Безмерность сомнения — в прямой связи с ситуацией безмерности, и это начало координат, определяющих пространство поэзии. Нужно терпеливо, не разрушая, проникнуть в его внутренние связи и соотношения или скрыться, оставив на изузоренной папоротниками скале венозную веточку влаги, отпечаток губ, умоляющих о пустотелом пространстве. Тайный — только бы не нарушить первозданных, нащупываемых формами движений! — вход в ситуацию безмерности и выход из нее, проникновение в неизъяснимые различия среди, казалось бы, однородного потока, неуловимого каскада прибрежных глубин. Чудесная, невесомая комбинаторика пространства, чуть затронутого, едва задетого взглядом сквозь эту отцеживающую все внешнее пену, приходит в благоговейный миг как осиянность, как микроскопическое и нескончаемое излучение, внезапно открывая в недвижном искристом колесе фигуры гостей, явившихся навестить наши чувства, чтобы затем пророчески раствориться в кортеже следующих друг за другом отзвуков. «Имеющий невесту {259} , — сказано у Иоанна, — есть жених; а друг жениха, стоящий и внимающий ему, радостью радуется, слыша голос жениха. Сия-то радость моя исполнилась. Ему должно расти, а мне умаляться». В подчеркнутой диамантовой твердости этого голоса, в самом посредничестве друга, остающегося свидетелем дыхания и голоса в доме, присутствует поэтическая система координат. Молчаливый свидетель, готовый исчезнуть, лишь только ситуация эта утратит безмерность, лишь только стушуется фигура, вводящая его в нескончаемые внутренние связи и отношения, склоняя к скорбному, неизъяснимому бдению ради того, чобы дождаться отрадного голоса, он как свидетель знает: дыхание, взлетающее стрелой голоса, предназначено не ему, но знает также, что включен в таинство, входит в маршрут расказа о чудесных началах голоса в озарении света. И потому таится и ждет. Он знает, что стоит ему покинуть сияние, сноп искр, способных одушевить эту сферу, — и он утратит само пространство роста и умаления. Чувствуя свою малость, свидетель вместе с тем приобщен к поэтическому деянию.

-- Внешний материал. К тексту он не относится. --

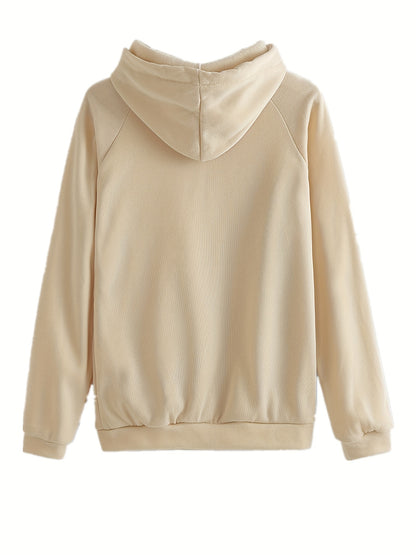 Trendy Solid Womens Two-Piece Set - Comfy Hoodie with Kangaroo Pockets & Drawstring Pants Outfit - Casual, Stylish, Versatile Wardrobe Essential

Ведомые дыханием, предводимые душою, восходят числа по лестнице Иакова, чтобы, отметив остановкой различные ситуации безмерности, возвратиться к изначальному единству. Удивительно: греки периода зрелости учили об изначально едином, а в наиболее известных текстах китайской мудрости упоминается недвойственное единое! Словно золотистая протяженность колоса в житнице, в изначальном едином заключено будущее произрастание, то, что в позднейшей традиции ad ecclesiam [46] назвали бы протяженно единым. Эта никогда не прерывающаяся в самых разных культурах борьба внутри единого между протоном и целостностью, между зародышем и архетипом и вводит нас в poiesis [47] — воспоминание о шествии первозданного к недвойственности, единственную памятку, с которой человек предстает свидетелем перед je m’en fous [48] верховных богов. Произрастание зерна первозданности рушит надменный покой доски с росчерком Стагирита {260} , который предпочитает приступать к перечню проблем с логического начала, а не с первозданного истока любого движения и всякой причинности. Поэтому, прибегая к одной из коварно изобретенных греками ловушек, он ставит на пути к единству его подмену — форму и связывает понятия формы и материи. Этот первый морфолог понимал, что распознавание и возбуждение вкуса надежнее связывать с понятийным наслаждением достигнутой формой, чем рисковать, диалектически удерживая в неустойчивом равновесии понятие единого, в котором у греков всегда чувствуется столько колебаний, столько страха перед раскраской покойников у египтян и необходимостью заучить наизусть бесчисленные имена возможных привратников подземных обиталищ смерти. Первозданно единое дает начало диаде, двоице, произрастающей из того же движения поэтической речи, тогда как недвойственно единое у даосов порождает всего лишь двойника. Греки же со времен своего счастливого пробуждения установили кардинальное различие между двойником и диадой, отходя от египетского понятия двойника и распределяя числовой ряд по возрастающей.
46
Апостольские, или папские послания к Церквам (лат.).
47
Творчество, созидание, поэзия (др. — греч.).
48
Я плюю; здесь: наплевательство (фр.).